## WORK REQUIRED
Exactly as they stand, give the records below again, with no images.

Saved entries
---

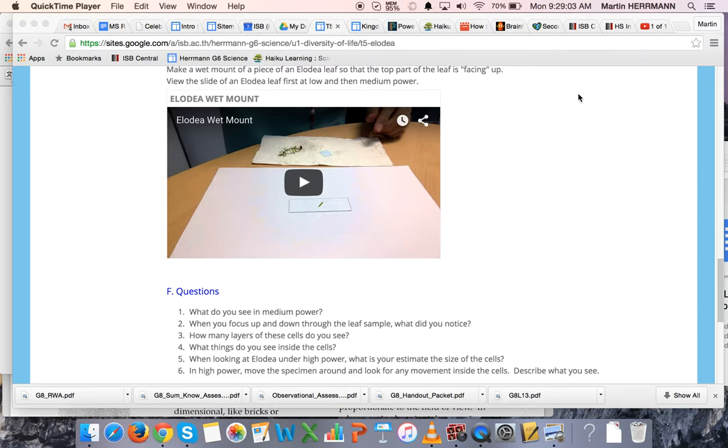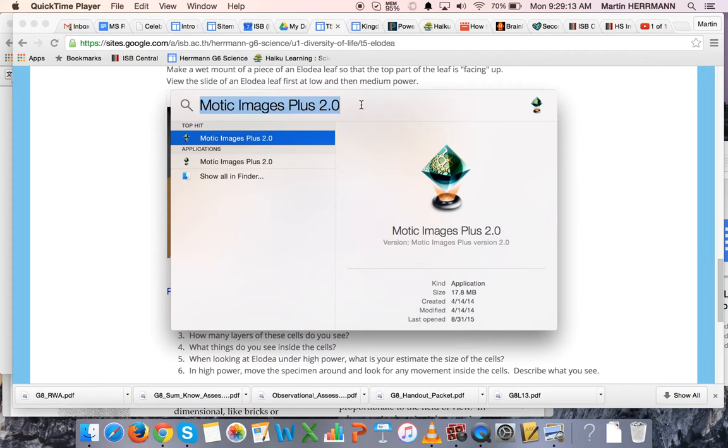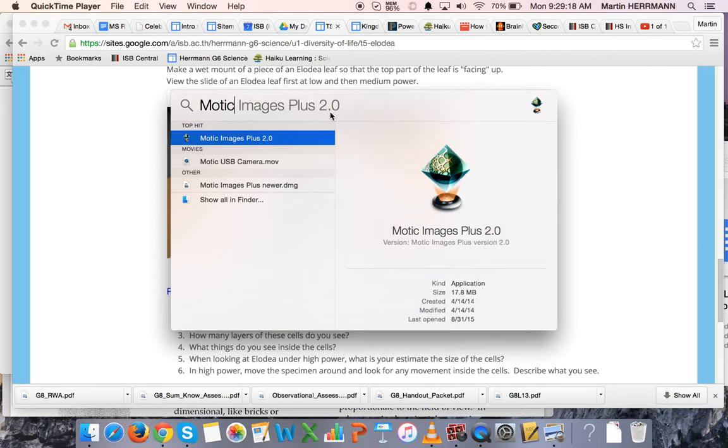Next thing you need to do is find the software on your computer that you can use to see the image of the Elodia leaf. To do that, go to Spotlight and type in the word Motic. As you type in the word Motic you should get an application called Motic Images Plus.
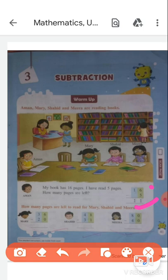Now, how many pages are left to read for Mary, Sahid and Meera? Let's find out. 36 minus 20: 6 minus 0 equals 6, 3 minus 2 equals 1, so Mary has 16 pages more to read. For Sahid: 8 minus 1 equals 7, 4 minus 3 equals 1, so there are 17 pages left to read for Sahid. And for Meera: 0 minus 0, 8 minus 4 equals 4, so there are 40 pages left to read for Meera. So this is completed, I hope you understood.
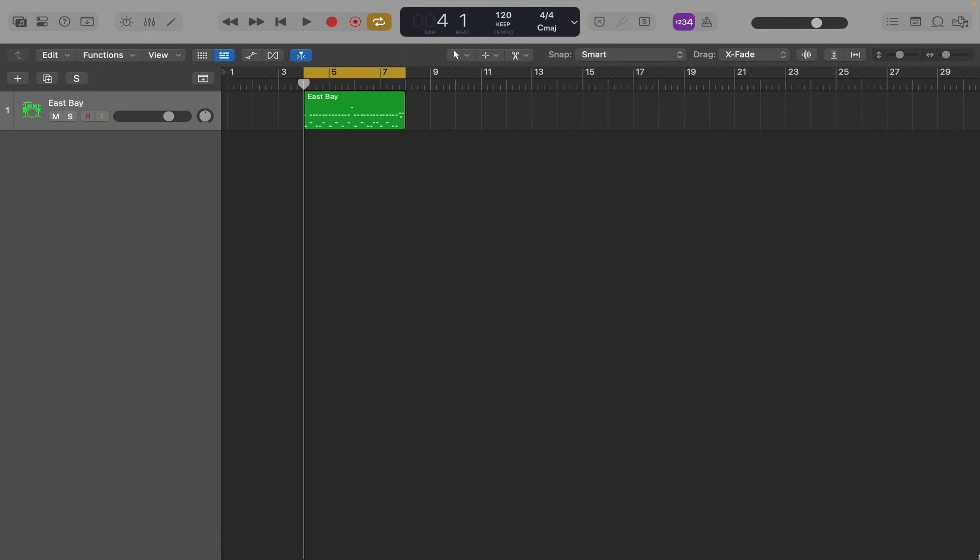Hi, welcome to TrackStack Studio. I'm Gary Lee. Today we're going to be looking at multi-channel drum kits in Logic Pro.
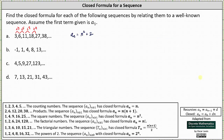Now let's look at sequence B. We have negative 1, 1, 4, 8, 13, and so on. Again it might not be obvious which common sequence this resembles. Let's look at how the terms increase: negative 1 plus 2 is 1, 1 plus 3 is 4, 4 plus 4 is 8, 8 plus 5 is 13, and so on.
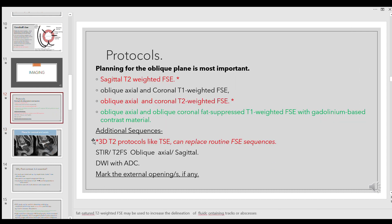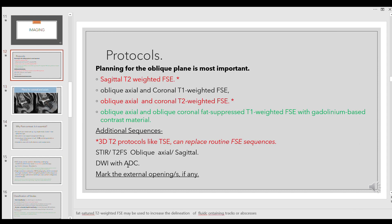Additionally, we perform 3D T2 protocols routinely — I'll show an interesting case demonstrating their importance. You can also do diffusion-weighted images with ADC to identify acute abscesses. STIR or T2 fat-suppressed images in oblique axial or sagittal planes are good for comparative study. Always mark external openings using a silicone capsule or a water capsule, and try not to insert anything into the anal canal as it is painful for the patient.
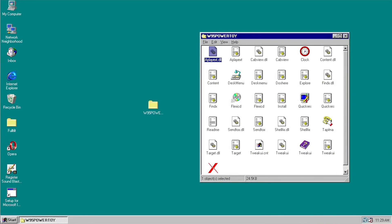Hello everybody and welcome back to another video. Today we're going to be taking a look at Microsoft Power Toys for Windows 95. This is a pretty cool collection of software released by Microsoft in 1995 as part of the Power Toys line. There were versions for Windows 95, XP, and even Windows 10, but today's video focuses on the very first version released for Windows 95.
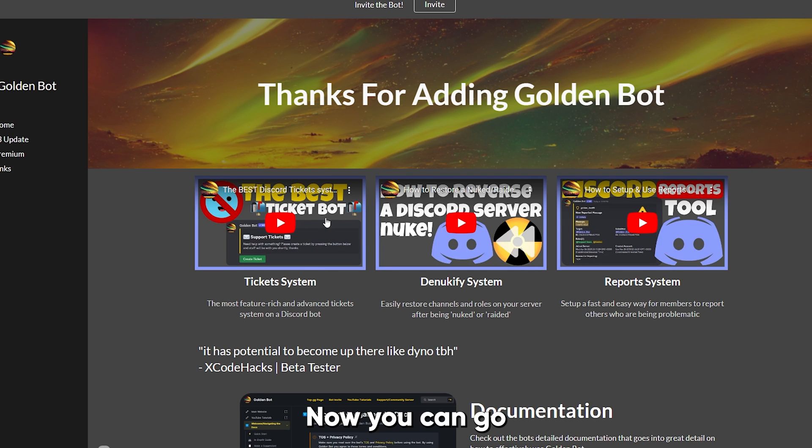Now you can go back to your Discord server. And as you can see, this bot has given me over 1,000 notifications.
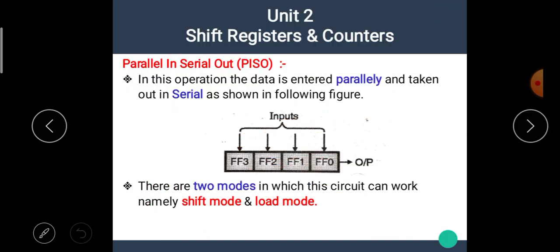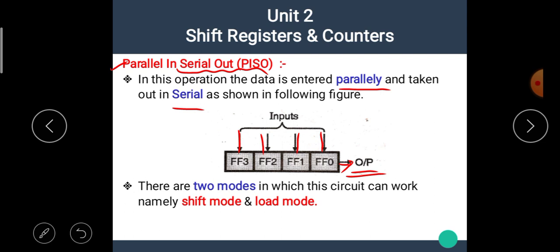Now let's see the next type of shift register: parallel input serial output, that means PISO type of shift register. In this operation, the data is entered parallelly and taken out serially. In this type of operation, there are two modes in which the circuit can work, namely shift mode and load mode.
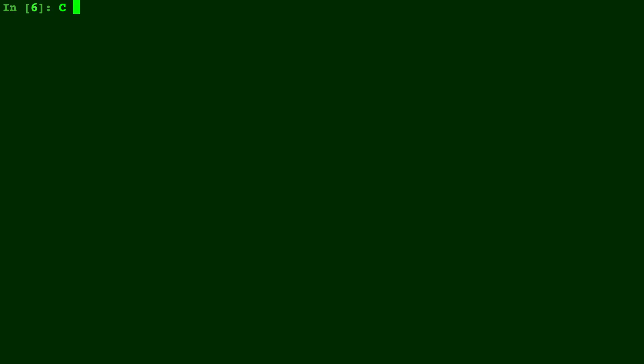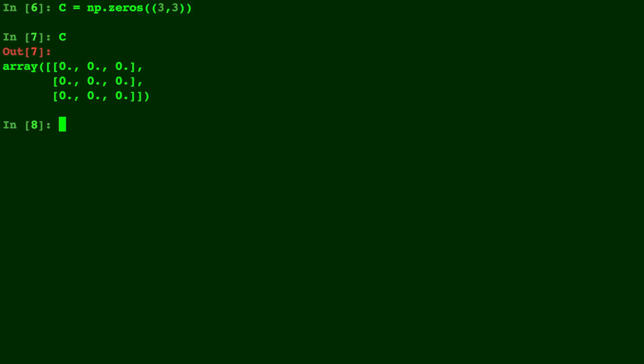Now for the zeros, this takes a tuple of numbers for the size. So let's say 3 by 3. So we enter that tuple, and there's C printed out with 3 rows and 3 columns.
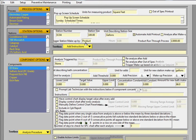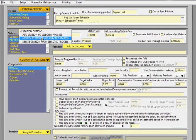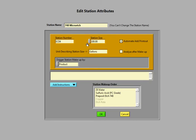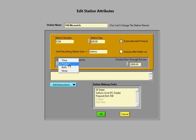You can trigger the station makeup by two methods. One is by product going through the process. And you can see that here.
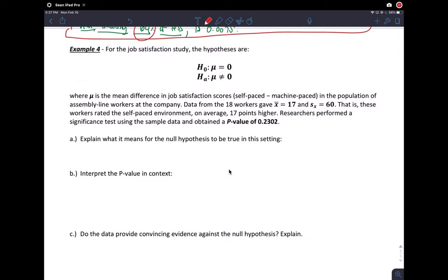For the job satisfaction study, the hypotheses are these two, where mu is the mean difference in job satisfaction scores between self-paced and machine-paced work, in the population of assembly line workers. Data from the 18 workers gave us the sample statistic and standard deviation — the workers rated self-paced on average 17 points higher than machine-paced. Researchers performed a significance test and came up with the p-value we'll work with.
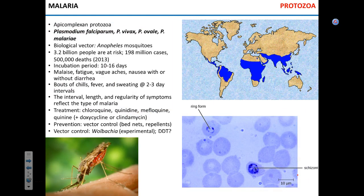Malaria — anyone who studied French knows that 'malaria' means 'bad air.' Historically people thought it was transmitted by air. It is caused by apicomplexan protozoa: Plasmodium falciparum, Plasmodium vivax, Plasmodium ovale, Plasmodium malariae, Plasmodium knowlesi — multiple species. It's transmitted by Anopheles mosquitoes. The epidemiology of malaria includes the entire Southeast Asia, India, Africa, parts of the Arabian Peninsula, and South America.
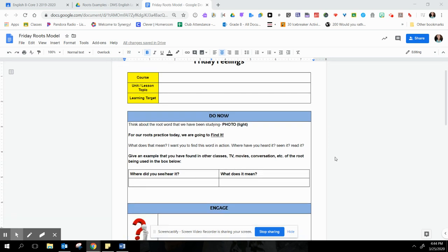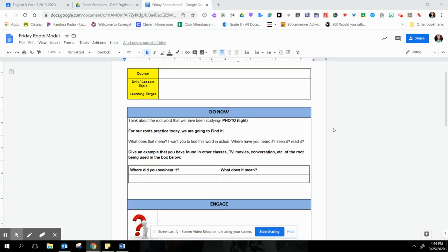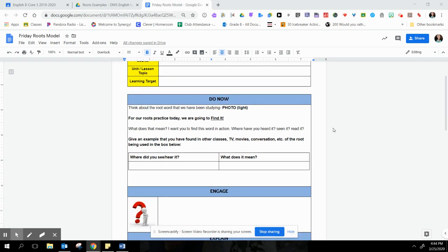Okay, for Friday Feelings, your root activity is called Find It. So what you're going to do is you're going to think of where you've seen this word in action before, where you've heard it or seen it or read it.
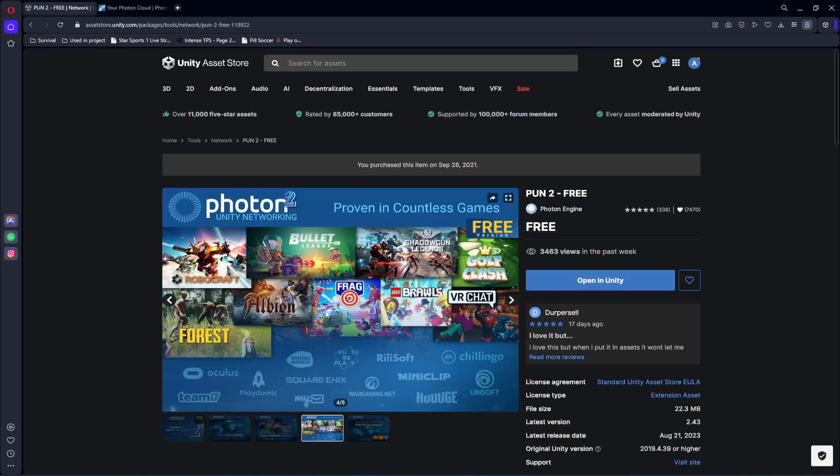Hello guys and welcome back. From this video onwards we will start working on our multiplayer system. For making the game multiplayer, we will be using Photon 2.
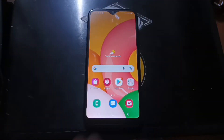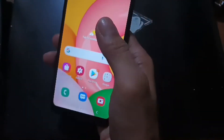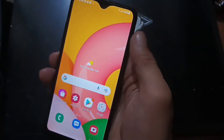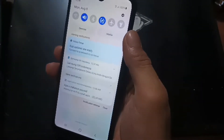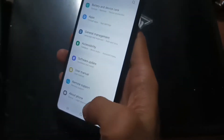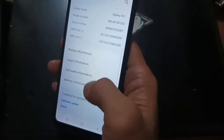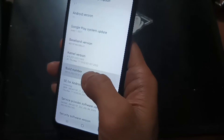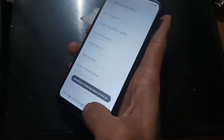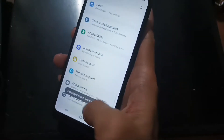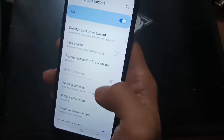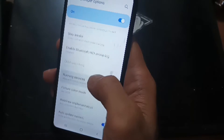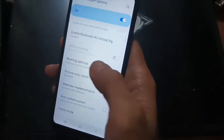Now we are on the home screen. Let's verify it has been unlocked. Go to Settings, About Phone, Software Information, tap build number five times, then go back to Developer Options. You can see the OEM unlock is already turned on and grayed out.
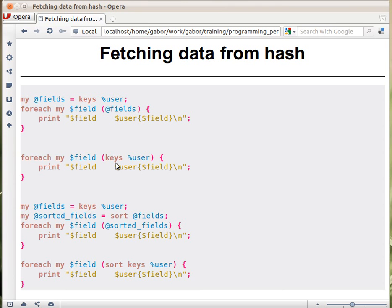So what if we would like to have the output sorted? We already know how to sort an array, and that's what we are going to do — sort the keys. We fetch the keys again and put them into the fields array, then sort them. In this case, sorting is according to the ASCII table, but as you remember, you can put any sorting function inside the curly braces and it will sort based on that.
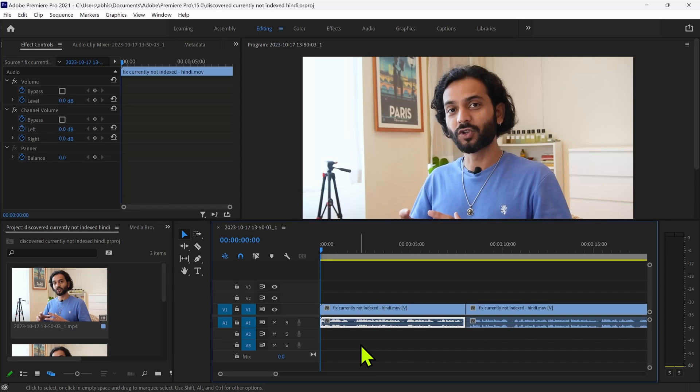If you're facing this issue when you cannot click on the voice or record button in Adobe Premiere Pro, then this is the right video for you. I'm going to show you two solutions how you can fix this issue.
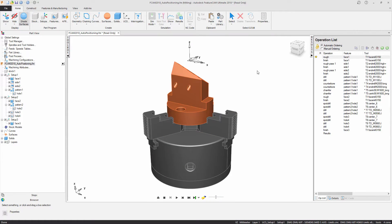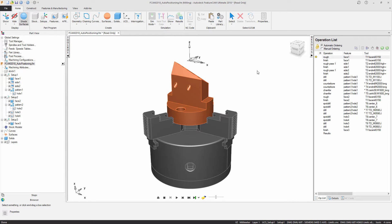FeatureCam 2018 can now automatically set the 5-axis position of your operations to avoid the translational and rotational limits of your machine tool. This option can use the axis limits set in your machine design file or from within the document itself to reduce your programming time.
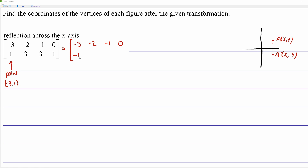So that would be negative 1, negative 3, negative 3, negative 1. However, in honors geometry, that's not really our goal — just to reflect points across the x-axis. We want to see how matrices can actually perform this operation through matrix multiplication. So let's consider this first point, negative 3, 1.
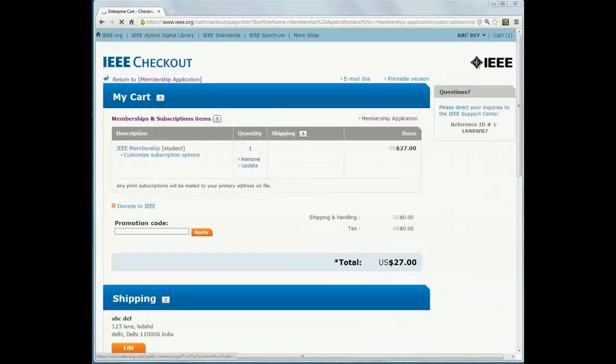The IEEE student membership is 27 dollars, which is roughly 1450 rupees.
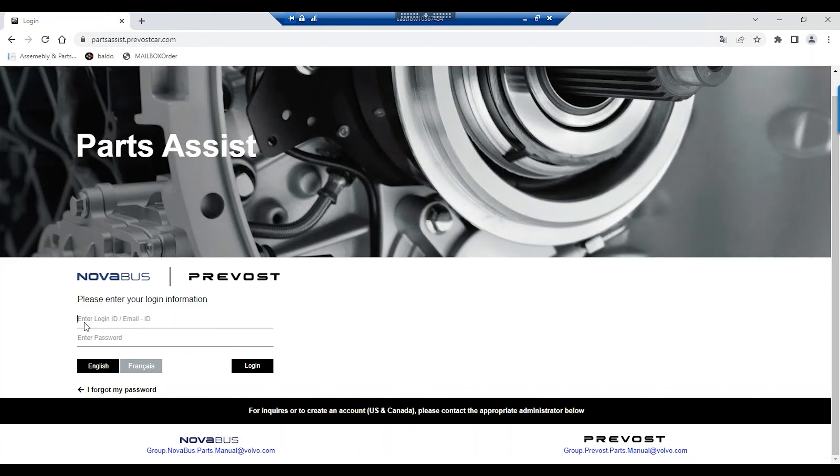If necessary, consult our training capsule on how to change a password.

---

## REPLY TO THE TASK
Next thing you need to do is find the software on your computer that you can use to see the image of the Elodia leaf. To do that, go to Spotlight and type in the word Motic. As you type in the word Motic you should get an application called Motic Images Plus.
Now, how many pages are left to read for Mary, Sahid and Meera? Let's find out. 36 minus 20: 6 minus 0 equals 6, 3 minus 2 equals 1, so Mary has 16 pages more to read. For Sahid: 8 minus 1 equals 7, 4 minus 3 equals 1, so there are 17 pages left to read for Sahid. And for Meera: 0 minus 0, 8 minus 4 equals 4, so there are 40 pages left to read for Meera. So this is completed, I hope you understood.
Hi, welcome to TrackStack Studio. I'm Gary Lee. Today we're going to be looking at multi-channel drum kits in Logic Pro.
Now let's look at sequence B. We have negative 1, 1, 4, 8, 13, and so on. Again it might not be obvious which common sequence this resembles. Let's look at how the terms increase: negative 1 plus 2 is 1, 1 plus 3 is 4, 4 plus 4 is 8, 8 plus 5 is 13, and so on.
Additionally, we perform 3D T2 protocols routinely — I'll show an interesting case demonstrating their importance. You can also do diffusion-weighted images with ADC to identify acute abscesses. STIR or T2 fat-suppressed images in oblique axial or sagittal planes are good for comparative study. Always mark external openings using a silicone capsule or a water capsule, and try not to insert anything into the anal canal as it is painful for the patient.
Hello everybody and welcome back to another video. Today we're going to be taking a look at Microsoft Power Toys for Windows 95. This is a pretty cool collection of software released by Microsoft in 1995 as part of the Power Toys line. There were versions for Windows 95, XP, and even Windows 10, but today's video focuses on the very first version released for Windows 95.
Now you can go back to your Discord server. And as you can see, this bot has given me over 1,000 notifications.
Now let's see the next type of shift register: parallel input serial output, that means PISO type of shift register. In this operation, the data is entered parallelly and taken out serially. In this type of operation, there are two modes in which the circuit can work, namely shift mode and load mode.
Now for the zeros, this takes a tuple of numbers for the size. So let's say 3 by 3. So we enter that tuple, and there's C printed out with 3 rows and 3 columns.
You can trigger the station makeup by two methods. One is by product going through the process. And you can see that here.
For the job satisfaction study, the hypotheses are these two, where mu is the mean difference in job satisfaction scores between self-paced and machine-paced work, in the population of assembly line workers. Data from the 18 workers gave us the sample statistic and standard deviation — the workers rated self-paced on average 17 points higher than machine-paced. Researchers performed a significance test and came up with the p-value we'll work with.
Malaria — anyone who studied French knows that 'malaria' means 'bad air.' Historically people thought it was transmitted by air. It is caused by apicomplexan protozoa: Plasmodium falciparum, Plasmodium vivax, Plasmodium ovale, Plasmodium malariae, Plasmodium knowlesi — multiple species. It's transmitted by Anopheles mosquitoes. The epidemiology of malaria includes the entire Southeast Asia, India, Africa, parts of the Arabian Peninsula, and South America.
Okay, for Friday Feelings, your root activity is called Find It. So what you're going to do is you're going to think of where you've seen this word in action before, where you've heard it or seen it or read it.
Hello guys and welcome back. From this video onwards we will start working on our multiplayer system. For making the game multiplayer, we will be using Photon 2.
Now we are on the home screen. Let's verify it has been unlocked. Go to Settings, About Phone, Software Information, tap build number five times, then go back to Developer Options. You can see the OEM unlock is already turned on and grayed out.
So what if we would like to have the output sorted? We already know how to sort an array, and that's what we are going to do — sort the keys. We fetch the keys again and put them into the fields array, then sort them. In this case, sorting is according to the ASCII table, but as you remember, you can put any sorting function inside the curly braces and it will sort based on that.
If you're facing this issue when you cannot click on the voice or record button in Adobe Premiere Pro, then this is the right video for you. I'm going to show you two solutions how you can fix this issue.
FeatureCam 2018 can now automatically set the 5-axis position of your operations to avoid the translational and rotational limits of your machine tool. This option can use the axis limits set in your machine design file or from within the document itself to reduce your programming time.
So that would be negative 1, negative 3, negative 3, negative 1. However, in honors geometry, that's not really our goal — just to reflect points across the x-axis. We want to see how matrices can actually perform this operation through matrix multiplication. So let's consider this first point, negative 3, 1.
The IEEE student membership is 27 dollars, which is roughly 1450 rupees.
If necessary, consult our training capsule on how to change a password.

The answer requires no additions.